First, some review. How do we see the number of distinct values of a variable? Use n_distinct()
within a summarize()
call.
ydat %>% summarize(n_distinct(mf))
## # A tibble: 1 x 1
## `n_distinct(mf)`
## <int>
## 1 1086
Which 10 biological process annotations have the most genes associated with them? What about molecular functions? Hint: 4 pipes: group_by
, summarize
with n_distinct
, arrange
, head
.
## # A tibble: 10 x 2
## bp n
## <chr> <int>
## 1 biological process unknown 269
## 2 protein biosynthesis 182
## 3 protein amino acid phosphorylation* 78
## 4 protein biosynthesis* 73
## 5 cell wall organization and biogenesis* 64
## 6 regulation of transcription from RNA polymerase II promoter* 49
## 7 nuclear mRNA splicing, via spliceosome 47
## 8 DNA repair* 44
## 9 aerobic respiration* 42
## 10 ER to Golgi transport* 42
## # A tibble: 10 x 2
## mf n
## <chr> <int>
## 1 molecular function unknown 886
## 2 structural constituent of ribosome 185
## 3 protein binding 107
## 4 RNA binding 63
## 5 protein binding* 53
## 6 DNA binding* 44
## 7 structural molecule activity 43
## 8 GTPase activity 40
## 9 structural constituent of cytoskeleton 39
## 10 transcription factor activity 38
How many distinct genes are there where we know what process the gene is involved in but we don’t know what it does? Hint: 3 pipes; filter
where bp!="biological process unknown" & mf=="molecular function unknown"
, and after select
ing columns of interest, pipe the output to distinct()

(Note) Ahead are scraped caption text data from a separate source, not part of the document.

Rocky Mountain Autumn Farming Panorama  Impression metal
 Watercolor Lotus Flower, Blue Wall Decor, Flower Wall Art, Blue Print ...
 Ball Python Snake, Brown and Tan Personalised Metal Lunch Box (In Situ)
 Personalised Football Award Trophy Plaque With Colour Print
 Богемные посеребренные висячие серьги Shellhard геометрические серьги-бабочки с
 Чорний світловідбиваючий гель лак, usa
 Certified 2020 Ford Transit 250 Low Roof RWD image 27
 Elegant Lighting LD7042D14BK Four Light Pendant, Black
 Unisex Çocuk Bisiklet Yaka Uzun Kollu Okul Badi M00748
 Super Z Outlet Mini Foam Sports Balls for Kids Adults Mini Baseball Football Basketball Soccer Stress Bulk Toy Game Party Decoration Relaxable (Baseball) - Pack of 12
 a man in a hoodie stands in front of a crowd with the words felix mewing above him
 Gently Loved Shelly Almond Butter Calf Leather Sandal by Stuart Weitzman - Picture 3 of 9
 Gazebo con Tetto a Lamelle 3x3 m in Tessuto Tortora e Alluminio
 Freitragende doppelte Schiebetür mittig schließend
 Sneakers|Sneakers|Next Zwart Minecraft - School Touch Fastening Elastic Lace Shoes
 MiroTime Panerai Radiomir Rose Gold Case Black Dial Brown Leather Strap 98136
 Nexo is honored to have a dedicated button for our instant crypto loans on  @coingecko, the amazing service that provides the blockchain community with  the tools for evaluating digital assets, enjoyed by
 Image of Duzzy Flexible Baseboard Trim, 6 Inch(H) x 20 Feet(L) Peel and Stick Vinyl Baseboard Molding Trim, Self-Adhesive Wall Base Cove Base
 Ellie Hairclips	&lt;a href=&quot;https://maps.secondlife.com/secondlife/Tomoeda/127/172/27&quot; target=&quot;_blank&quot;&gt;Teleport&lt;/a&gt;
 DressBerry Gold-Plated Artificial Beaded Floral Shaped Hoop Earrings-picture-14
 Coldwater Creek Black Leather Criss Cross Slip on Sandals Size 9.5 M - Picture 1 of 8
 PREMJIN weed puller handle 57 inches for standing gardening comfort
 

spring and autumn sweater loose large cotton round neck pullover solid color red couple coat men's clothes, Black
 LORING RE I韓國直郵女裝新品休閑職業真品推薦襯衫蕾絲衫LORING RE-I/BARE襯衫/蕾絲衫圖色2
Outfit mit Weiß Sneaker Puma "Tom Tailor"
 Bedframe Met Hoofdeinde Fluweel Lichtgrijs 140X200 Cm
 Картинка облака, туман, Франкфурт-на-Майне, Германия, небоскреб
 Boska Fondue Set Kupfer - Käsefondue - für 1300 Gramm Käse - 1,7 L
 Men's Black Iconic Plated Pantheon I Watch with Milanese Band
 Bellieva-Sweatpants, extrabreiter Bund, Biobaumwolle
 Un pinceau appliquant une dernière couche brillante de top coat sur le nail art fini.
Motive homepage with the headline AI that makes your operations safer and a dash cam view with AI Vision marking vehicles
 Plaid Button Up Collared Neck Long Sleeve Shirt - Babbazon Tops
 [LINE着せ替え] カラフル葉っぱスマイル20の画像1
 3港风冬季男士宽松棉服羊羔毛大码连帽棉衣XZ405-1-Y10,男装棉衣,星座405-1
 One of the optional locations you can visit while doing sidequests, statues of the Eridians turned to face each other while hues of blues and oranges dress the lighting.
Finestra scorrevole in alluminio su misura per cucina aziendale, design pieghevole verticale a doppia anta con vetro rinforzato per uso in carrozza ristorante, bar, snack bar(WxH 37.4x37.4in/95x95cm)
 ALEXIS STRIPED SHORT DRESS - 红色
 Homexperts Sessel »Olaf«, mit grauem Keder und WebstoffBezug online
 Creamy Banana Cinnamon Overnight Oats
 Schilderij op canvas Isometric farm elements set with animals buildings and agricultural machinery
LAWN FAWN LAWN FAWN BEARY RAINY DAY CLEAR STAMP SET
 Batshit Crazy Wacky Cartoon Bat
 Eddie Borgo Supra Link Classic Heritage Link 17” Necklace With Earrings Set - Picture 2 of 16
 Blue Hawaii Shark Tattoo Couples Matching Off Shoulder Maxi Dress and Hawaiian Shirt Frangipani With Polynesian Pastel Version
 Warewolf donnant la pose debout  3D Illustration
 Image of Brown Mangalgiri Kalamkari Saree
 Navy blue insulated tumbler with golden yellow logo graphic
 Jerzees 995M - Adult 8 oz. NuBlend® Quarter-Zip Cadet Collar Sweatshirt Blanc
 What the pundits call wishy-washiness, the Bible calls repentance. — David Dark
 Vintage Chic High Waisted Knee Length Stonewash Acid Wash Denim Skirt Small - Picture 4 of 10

. The answer should be 737, and here are a few:
## # A tibble: 737 x 3
## symbol bp
## <chr> <chr>
## 1 SFB2 ER to Golgi transport
## 2 EDC3 deadenylylation-independent decapping
## 3 PER1 response to unfolded protein*
## 4 PEX25 peroxisome organization and biogenesis*
## 5 BNI5 cytokinesis*
## 6 CSN12 adaptation to pheromone during conjugation with cellular fusion
## 7 SEC39 secretory pathway
## 8 ABC1 ubiquinone biosynthesis
## 9 PRP46 nuclear mRNA splicing, via spliceosome
## 10 MAM3 mitochondrion organization and biogenesis*
## # ... with 727 more rows, and 1 more variables: mf <chr>
When the growth rate is restricted to 0.05 by limiting Glucose, which biological processes are the most upregulated? Show a sorted list with the most upregulated BPs on top, displaying the biological process and the average expression of all genes in that process rounded to two digits. Hint: 5 pipes: filter
, group_by
, summarize
, mutate
, arrange
.
## # A tibble: 881 x 2
## bp meanexp
## <chr> <dbl>
## 1 fermentation* 6.28
## 2 glyoxylate cycle 5.29
## 3 oxygen and reactive oxygen species metabolism 5.04
## 4 fumarate transport* 5.03
## 5 acetyl-CoA biosynthesis* 4.32
## 6 gluconeogenesis 3.64
## 7 fatty acid beta-oxidation 3.57
## 8 lactate transport 3.48
## 9 carnitine metabolism 3.30
## 10 alcohol metabolism* 3.25
## # ... with 871 more rows
Group the data by limiting nutrient (primarily) then by biological process. Get the average expression for all genes annotated with each process, separately for each limiting nutrient, where the growth rate is restricted to 0.05. Arrange the result to show the most upregulated processes on top. The initial result will look like the result below. Pipe this output to a View()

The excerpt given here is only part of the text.